How is the similarity Index calculated for each of the reports?
The similarity index does not change when viewing different report modes. To calculate the Similarity Index, our system first makes a digital fingerprint of the submitted document’s text and searches it against each of the repositories selected to be searched against within the system. Then once the document is scanned against the selected content repositories our system takes the # of matching words our system found within the document and divides it by the document's total word count to produce the Similarity Index percentage for the report.
If exclusion options are applied to the document our system would recalculate the similarity index percentage and remove all matches that the exclusion option logic excluded from the report.
How is the Similarity Report constructed? What matches get hidden by other matches?
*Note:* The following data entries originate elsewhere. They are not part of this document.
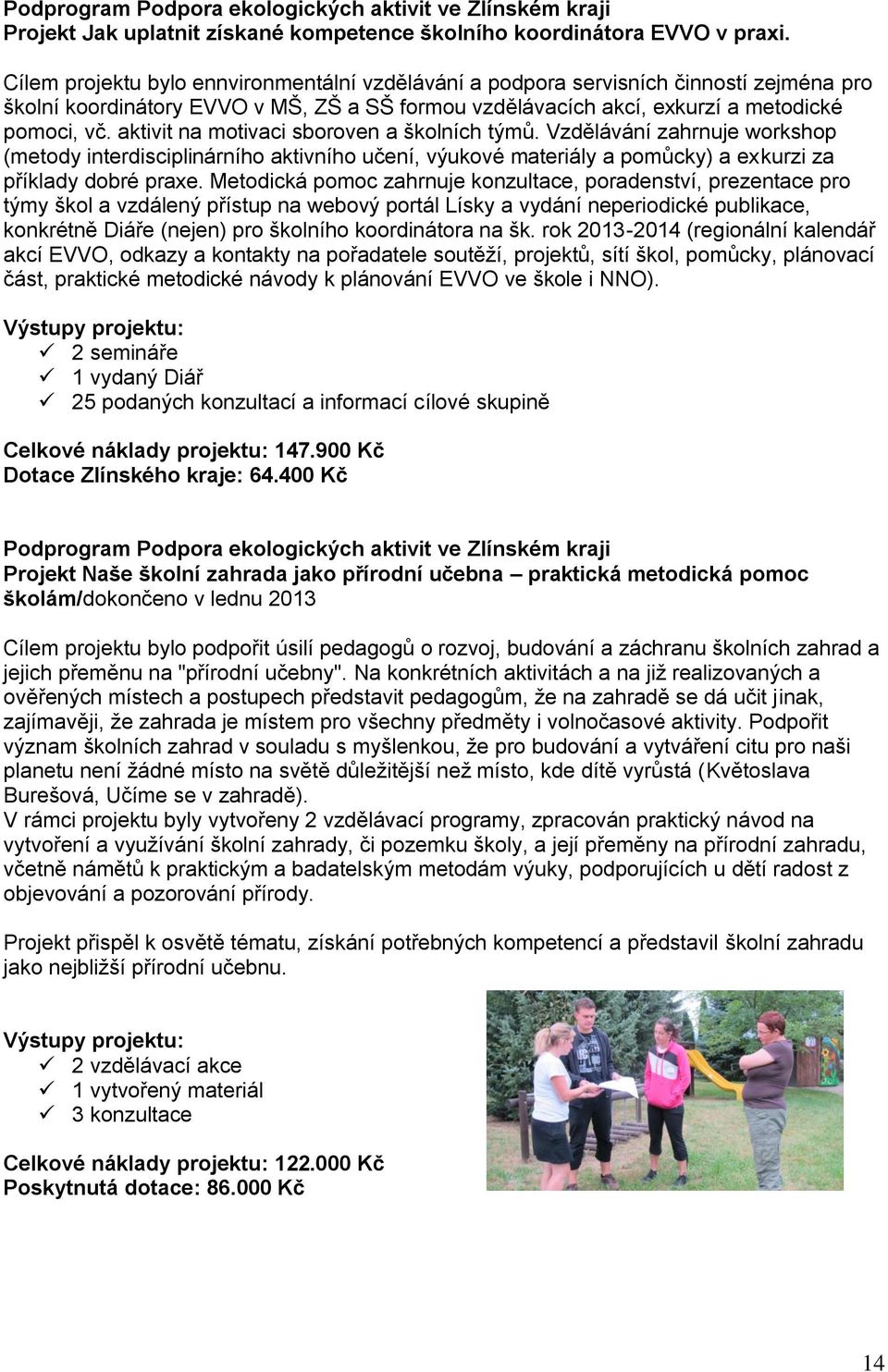 aktivit na motivaci sboroven a školních týmů. Vzdělávání zahrnuje workshop (metody interdisciplinárního aktivního učení, výukové materiály a pomůcky) a exkurzi za příklady dobré praxe.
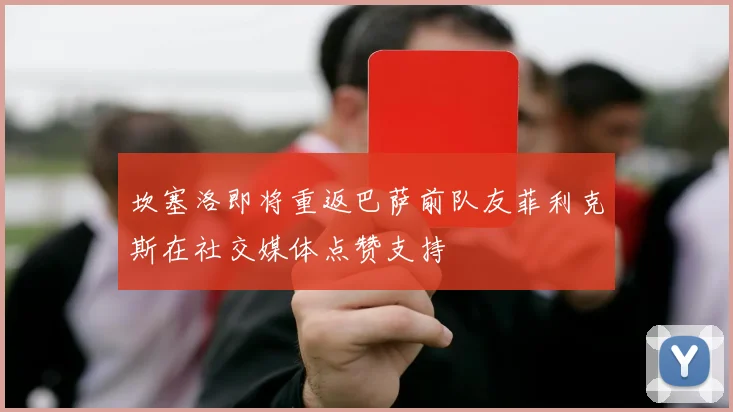 坎塞洛即将重返巴萨前队友菲利克斯在社交媒体点赞支持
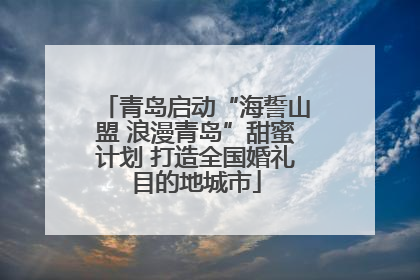 青岛启动“海誓山盟 浪漫青岛”甜蜜计划 打造全国婚礼目的地城市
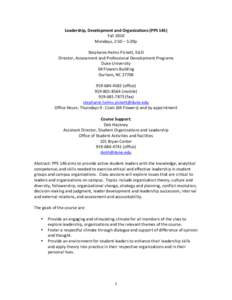 Leadership,	
  Development	
  and	
  Organizations	
  (PPS	
  146)	
   Fall	
  2010	
   Mondays,	
  2:50	
  –	
  5:20p	
     Stephanie	
  Helms	
  Pickett,	
  Ed.D	
   Director,	
  Assessment	
  and	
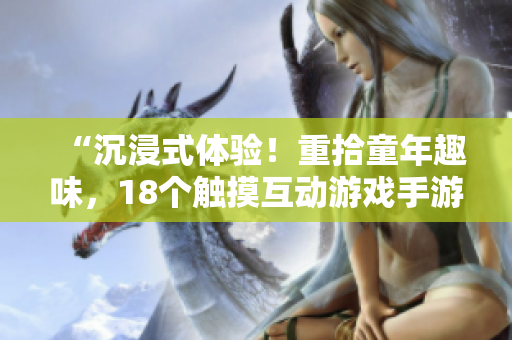 “沉浸式體驗(yàn)！重拾童年趣味，18個(gè)觸摸互動(dòng)游戲手游帶你探索新樂趣”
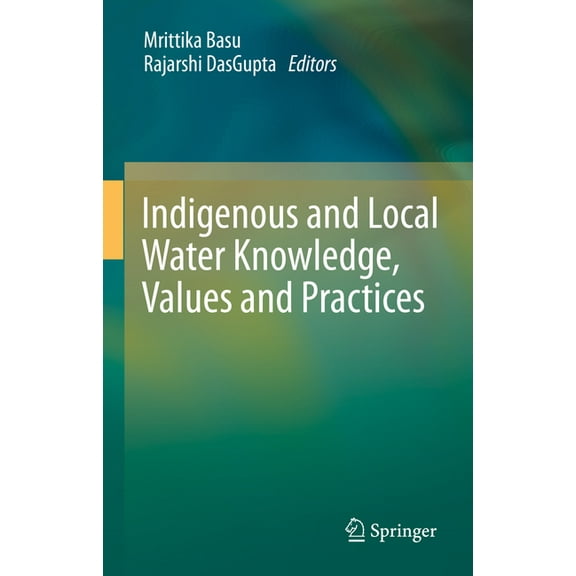 Indigenous and Local Water Knowledge, Values and Practices, (Hardcover)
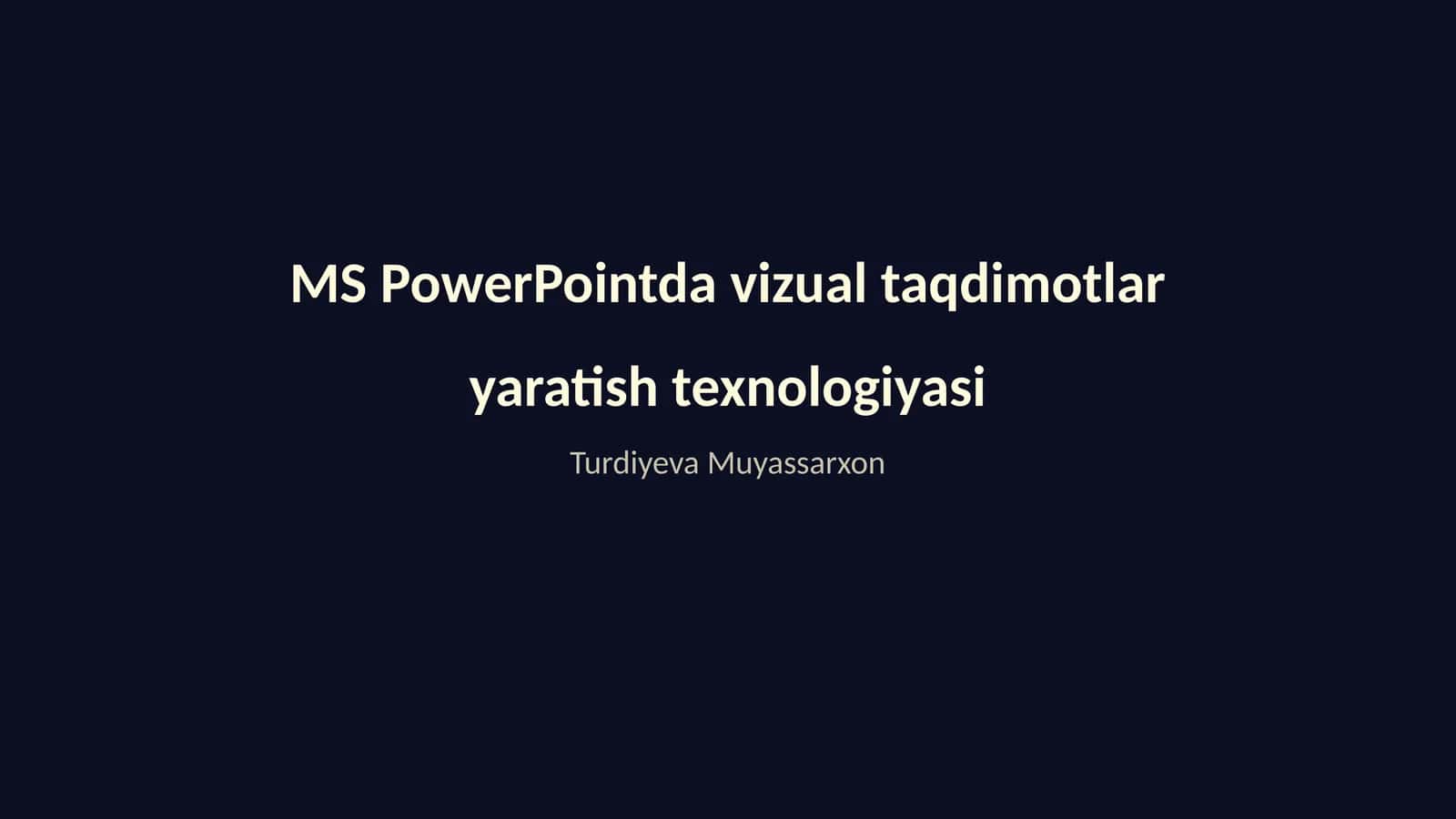 MS PowerPointda vizual taqdimotlar yaratish texnologiyasi 1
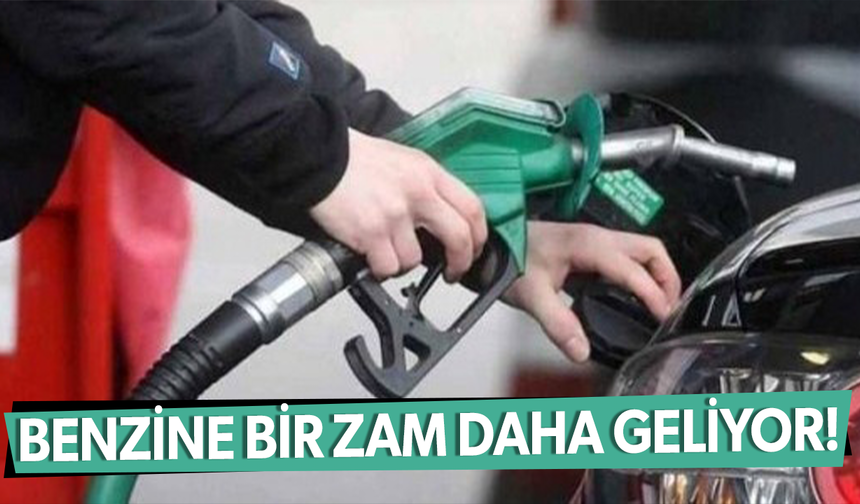 Benzine 1,56 TL zam geliyor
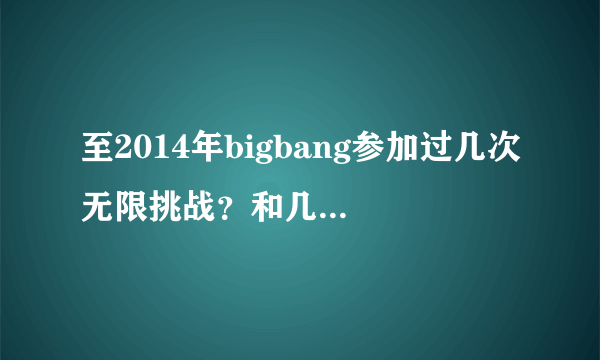 至2014年bigbang参加过几次无限挑战？和几次至亲笔记？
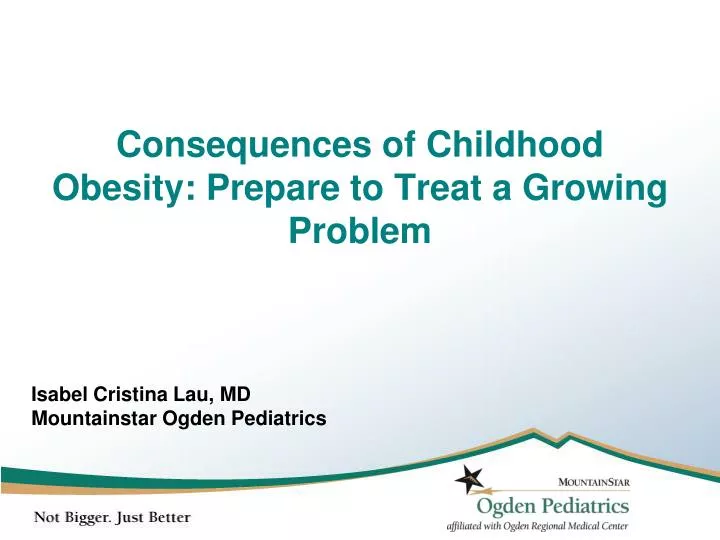 consequences of childhood obesity prepare to treat a growing problem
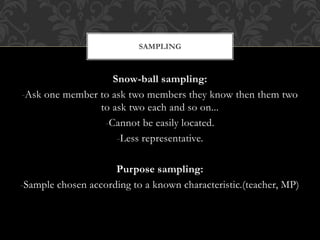 SAMPLING 
Snow-ball sampling: 
-Ask one member to ask two members they know then them two 
to ask two each and so on... 
-Cannot be easily located. 
-Less representative. 
Purpose sampling: 
-Sample chosen according to a known characteristic.(teacher, MP) 
 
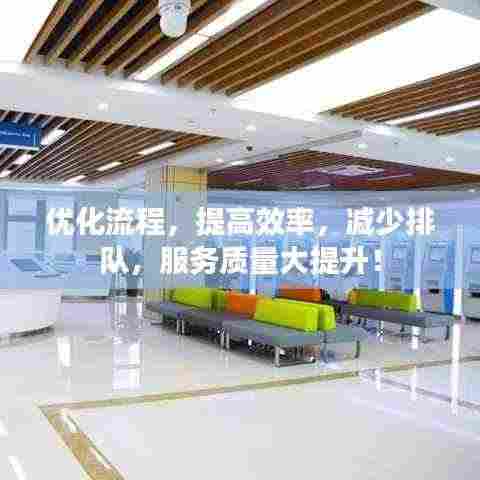 优化流程，提高效率，减少排队，服务质量大提升！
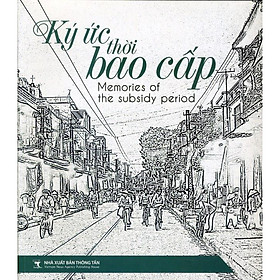 Ký ức thời Bao cấp (Sách Ảnh - Song Ngữ)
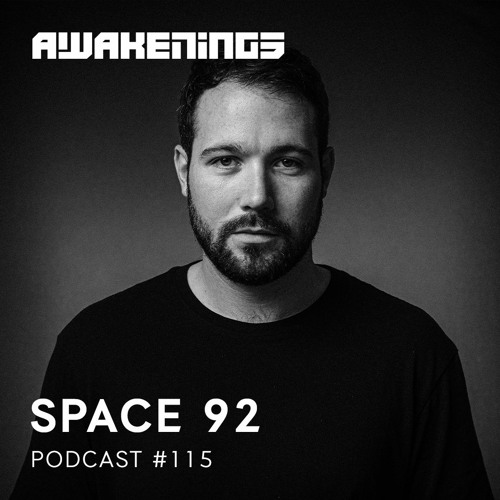 Awakenings Podcast #115 - Space 92
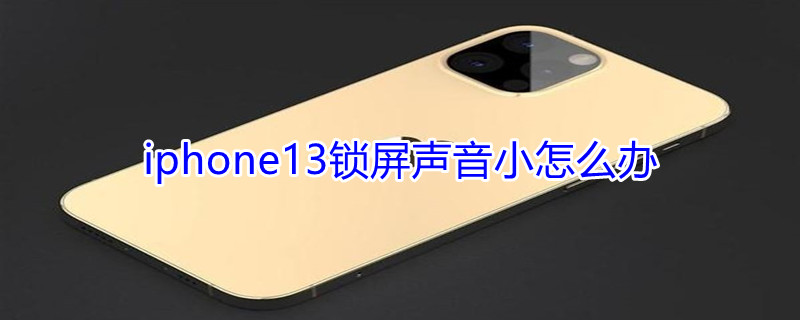iPhone13锁屏声音小怎么办 iphone13锁屏声音很小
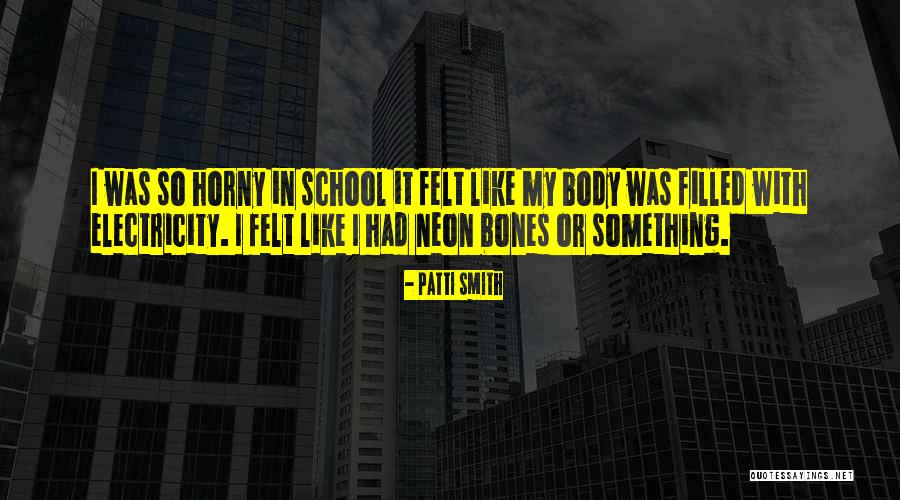 Electricity What Am I Quotes By Patti Smith Electricity What Am I Quotes By Patti Smith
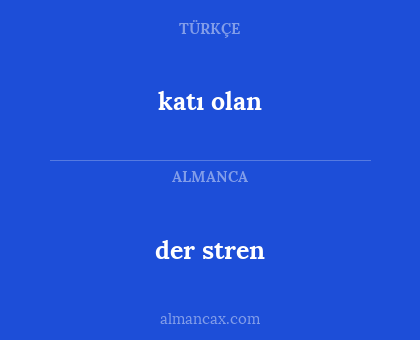 der stren - katı olan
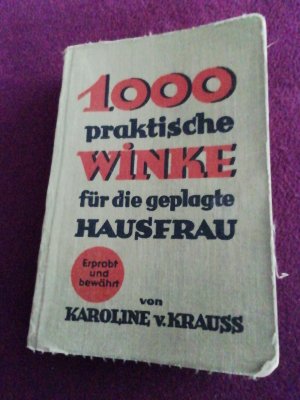 1000 praktische Winke für die geplagte Hausfrau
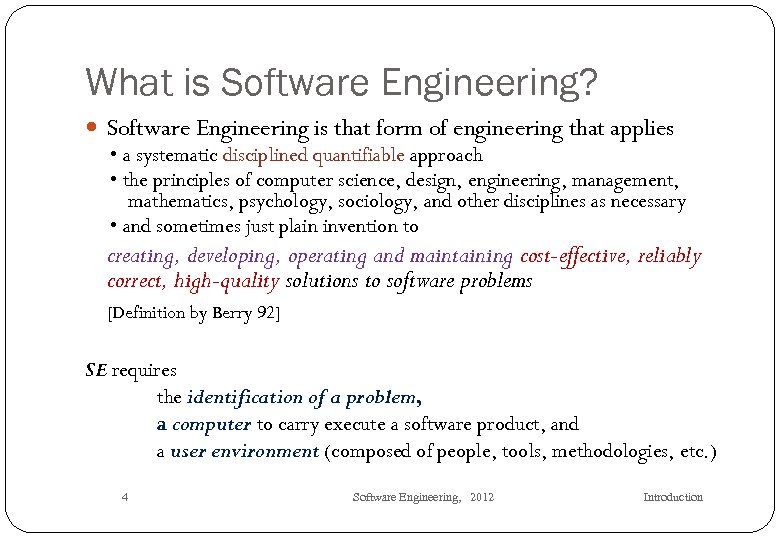 What is Software Engineering? Software Engineering is that form of engineering that applies •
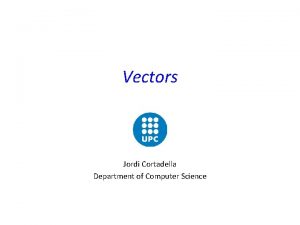 Vectors Jordi Cortadella Department of Computer Science Vectors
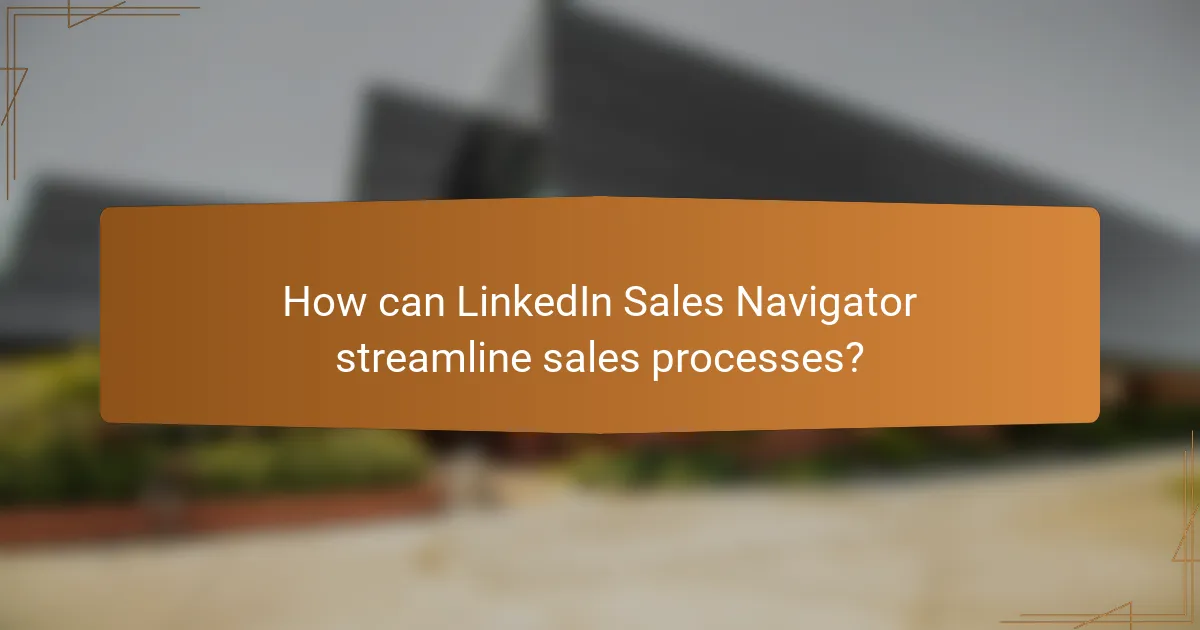 How can LinkedIn Sales Navigator streamline sales processes?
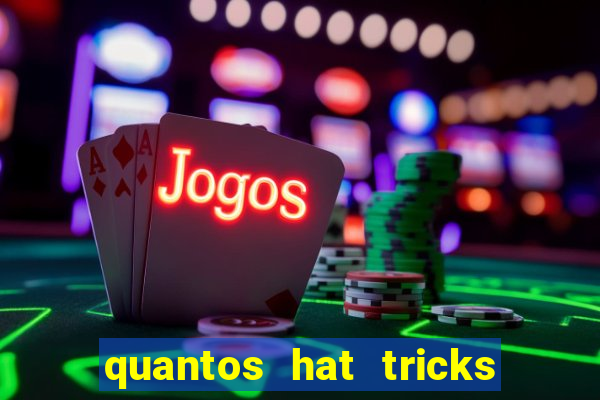 quantos hat tricks tem messi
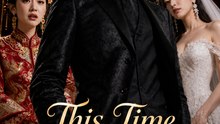 This Time, I Won't Marry You - Full Episode (ENGSUB) | Rebirth Revenge, Short Drama #ARS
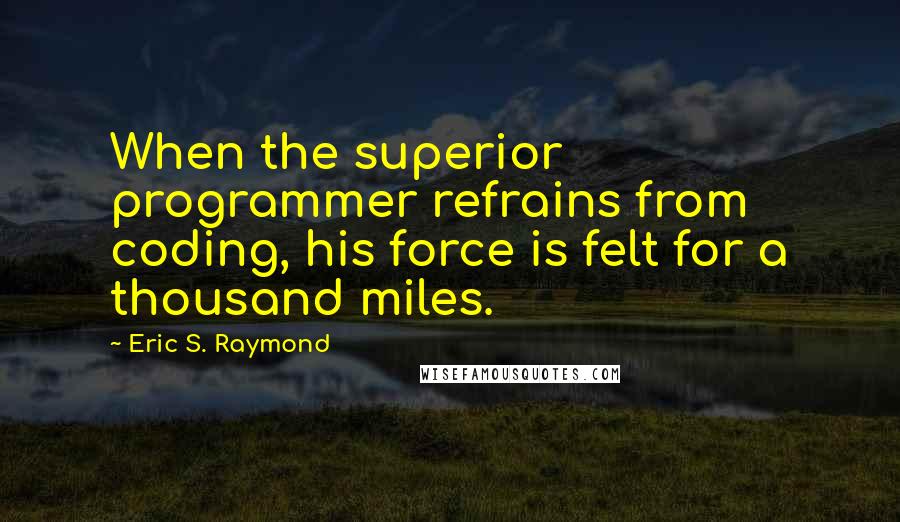 Eric S. Raymond Quotes: When the superior programmer refrains from coding, his force is felt for a thousand miles.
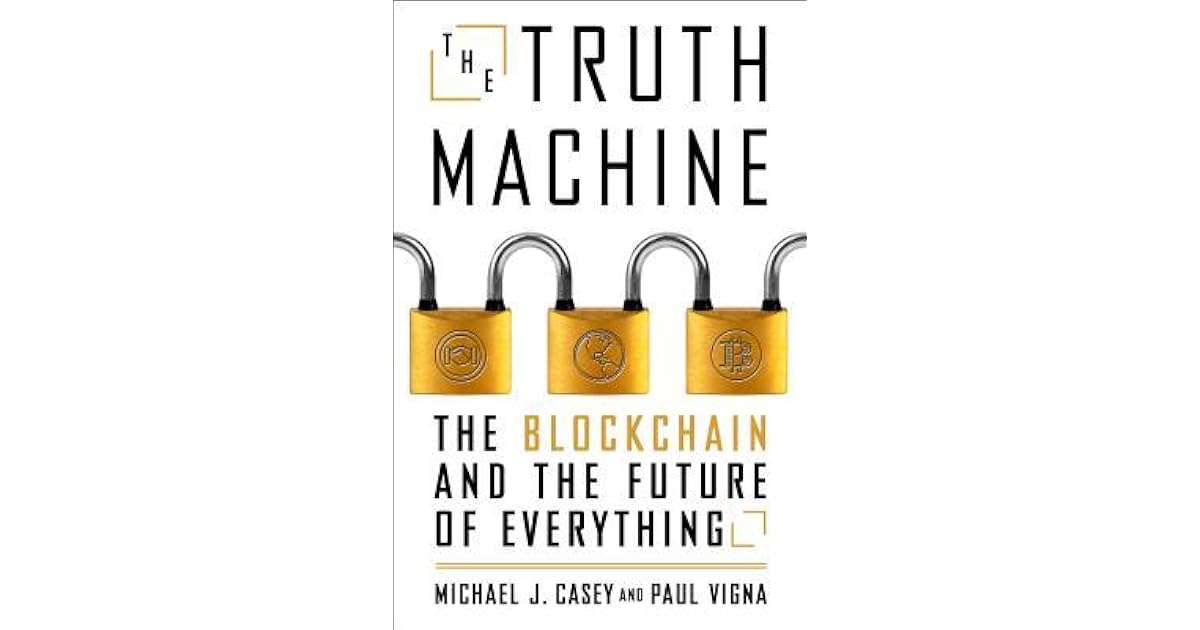 The Truth Machine The Blockchain and the Future of Everything by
As much of the information surrounding the Similarity Report is proprietary, the following is a brief description of how the report is constructed. A document submission is converted into what we refer to as a digital fingerprint that our system then uses to search against our content databases using our proprietary algorithm. Our system then paints the document with highlights for each section of text that matches a source within our repositories. What our system deems to be the best matches to the sections of text are listed in the report sidebar. Although the best matches are listed there may be hundreds to thousands of other sources that match the document’s text. These underlying sources are listed in the Content Tracking mode.
What if two sources have the exact same amount of matching text; which source would be displayed in the Similarity Report as a best match?
This entirely depends on which repository the document matched to. For example if two internet sources were found to match the identical section of text, the most recently crawled internet source would be displayed as the best match. If an internet source and a publication source were found to match an identical section of text, the publication source would be displayed as the top match.